Start of Provided records

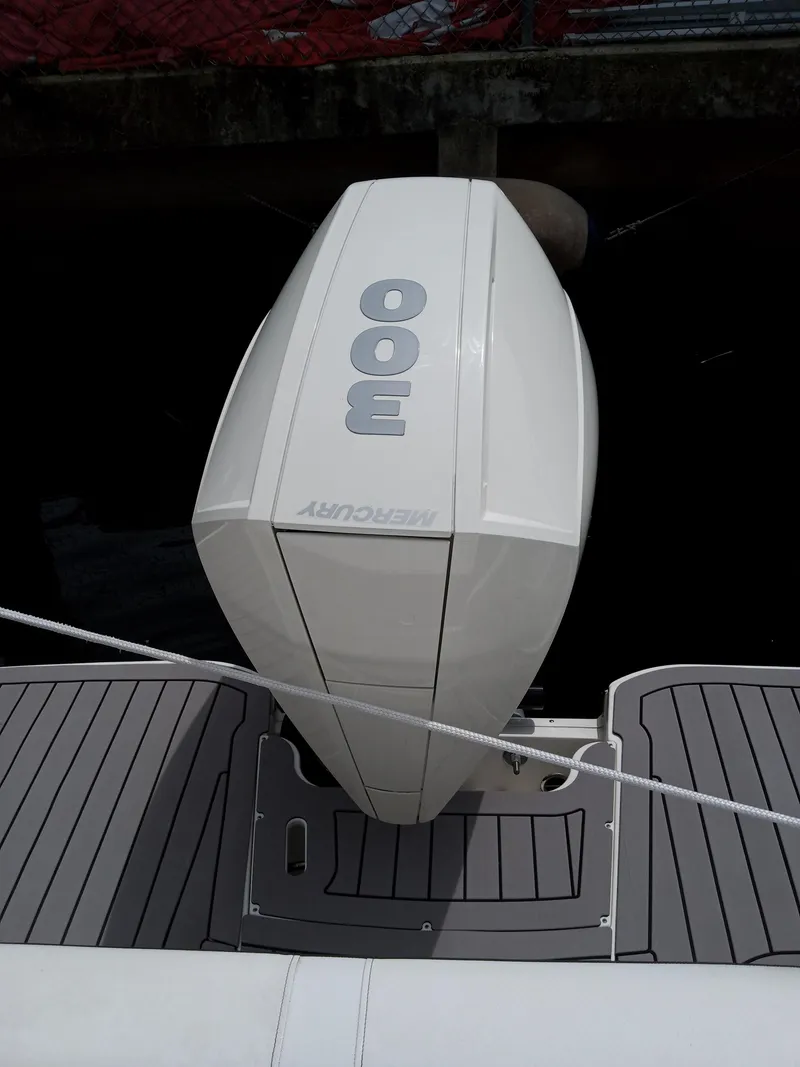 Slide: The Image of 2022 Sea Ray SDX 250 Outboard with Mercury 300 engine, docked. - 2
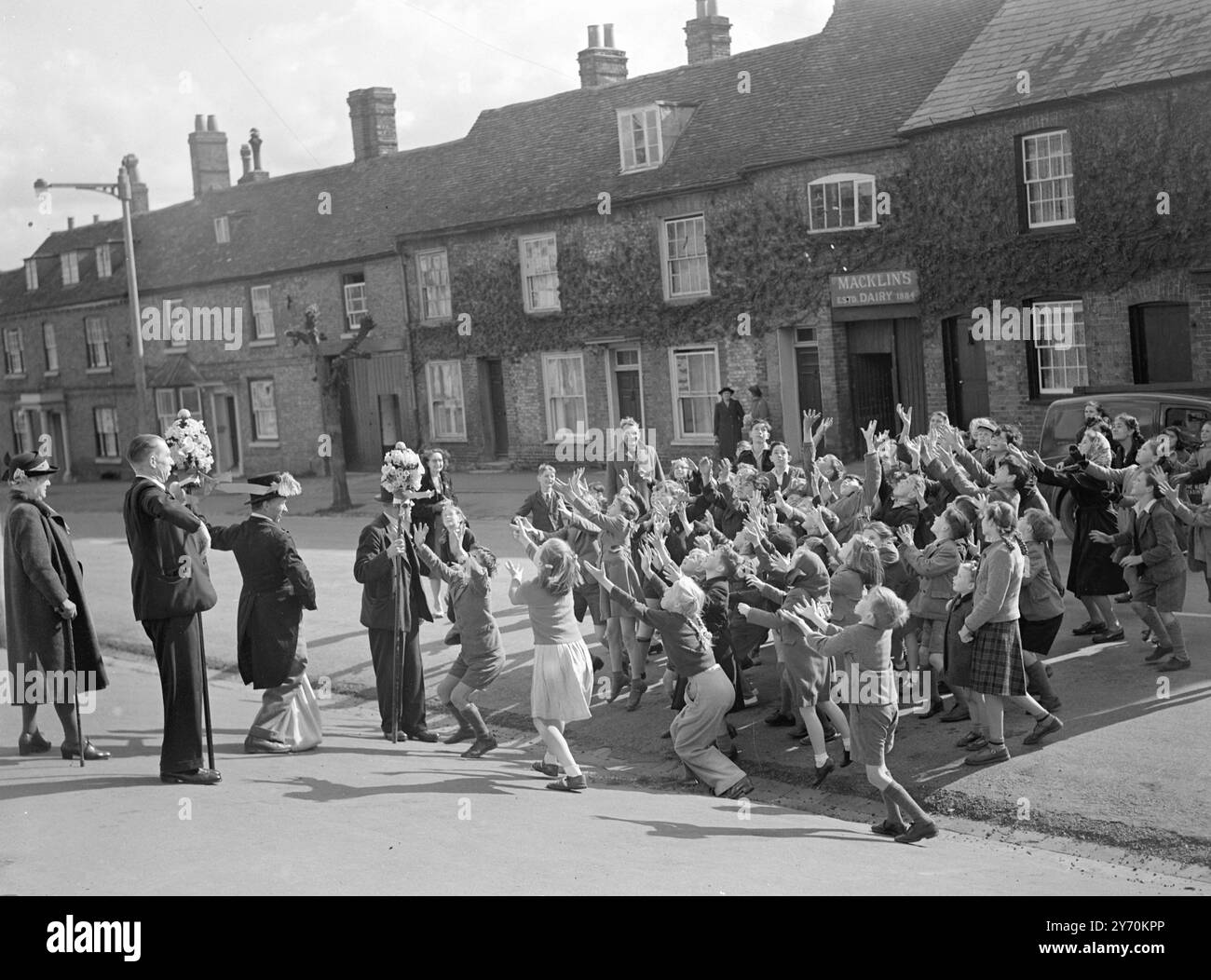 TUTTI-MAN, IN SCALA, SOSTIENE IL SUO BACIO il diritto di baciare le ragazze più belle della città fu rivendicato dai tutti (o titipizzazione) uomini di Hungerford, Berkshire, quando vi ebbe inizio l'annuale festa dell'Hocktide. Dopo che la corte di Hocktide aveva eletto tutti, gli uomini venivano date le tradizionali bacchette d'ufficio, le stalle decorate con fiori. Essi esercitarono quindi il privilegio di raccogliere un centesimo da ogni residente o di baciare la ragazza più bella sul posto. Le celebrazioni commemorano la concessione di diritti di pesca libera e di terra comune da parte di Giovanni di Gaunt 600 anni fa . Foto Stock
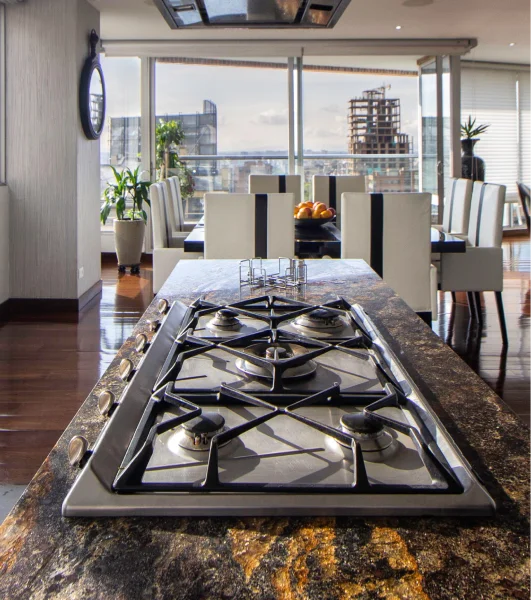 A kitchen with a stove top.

End of Provided records
Start of Provided records

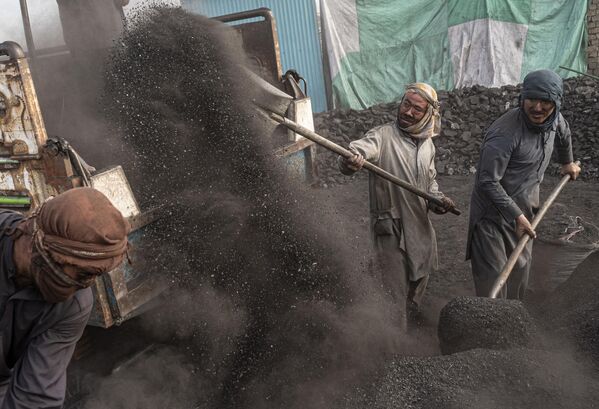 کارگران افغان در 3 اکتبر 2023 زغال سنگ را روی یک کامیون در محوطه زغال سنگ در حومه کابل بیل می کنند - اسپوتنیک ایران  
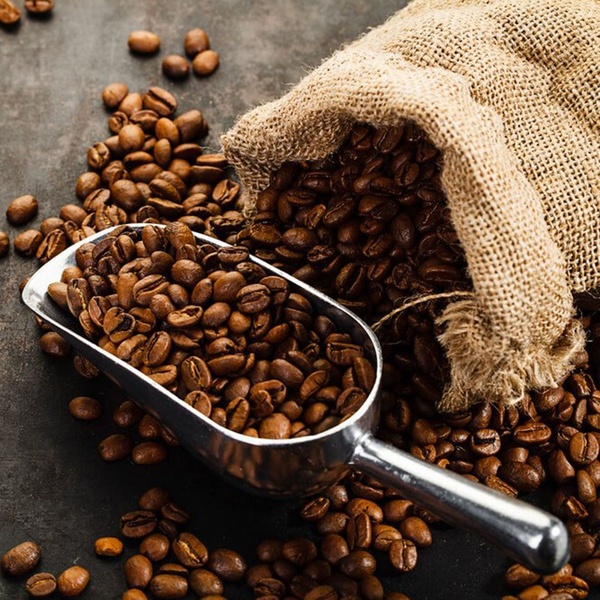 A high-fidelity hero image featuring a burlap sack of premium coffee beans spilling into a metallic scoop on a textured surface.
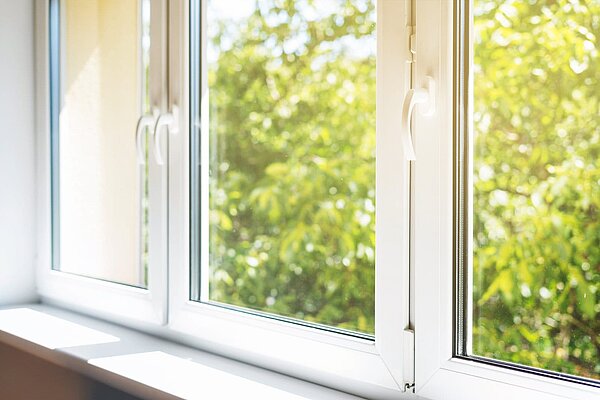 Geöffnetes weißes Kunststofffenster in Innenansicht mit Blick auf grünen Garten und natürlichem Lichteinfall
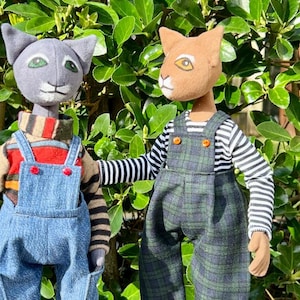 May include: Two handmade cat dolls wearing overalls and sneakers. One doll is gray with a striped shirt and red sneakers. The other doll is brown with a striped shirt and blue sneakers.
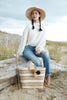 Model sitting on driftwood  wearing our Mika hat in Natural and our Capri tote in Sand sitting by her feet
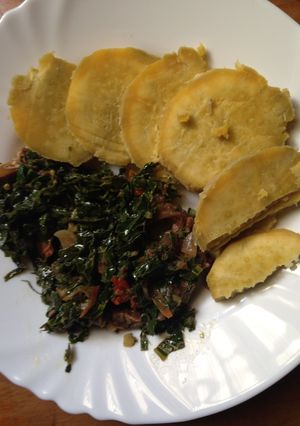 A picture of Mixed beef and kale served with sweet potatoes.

End of Provided records

- Exercise directions
Leave out every picture, and copy exactly the lines above starting at the one holding "Slide: The Image" and ending at the one holding "A kitchen with a stove top.", no more and no less.

- Result of this exercise
 Slide: The Image of 2022 Sea Ray SDX 250 Outboard with Mercury 300 engine, docked. - 2
 TUTTI-MAN, IN SCALA, SOSTIENE IL SUO BACIO il diritto di baciare le ragazze più belle della città fu rivendicato dai tutti (o titipizzazione) uomini di Hungerford, Berkshire, quando vi ebbe inizio l'annuale festa dell'Hocktide. Dopo che la corte di Hocktide aveva eletto tutti, gli uomini venivano date le tradizionali bacchette d'ufficio, le stalle decorate con fiori. Essi esercitarono quindi il privilegio di raccogliere un centesimo da ogni residente o di baciare la ragazza più bella sul posto. Le celebrazioni commemorano la concessione di diritti di pesca libera e di terra comune da parte di Giovanni di Gaunt 600 anni fa . Foto Stock
 A kitchen with a stove top.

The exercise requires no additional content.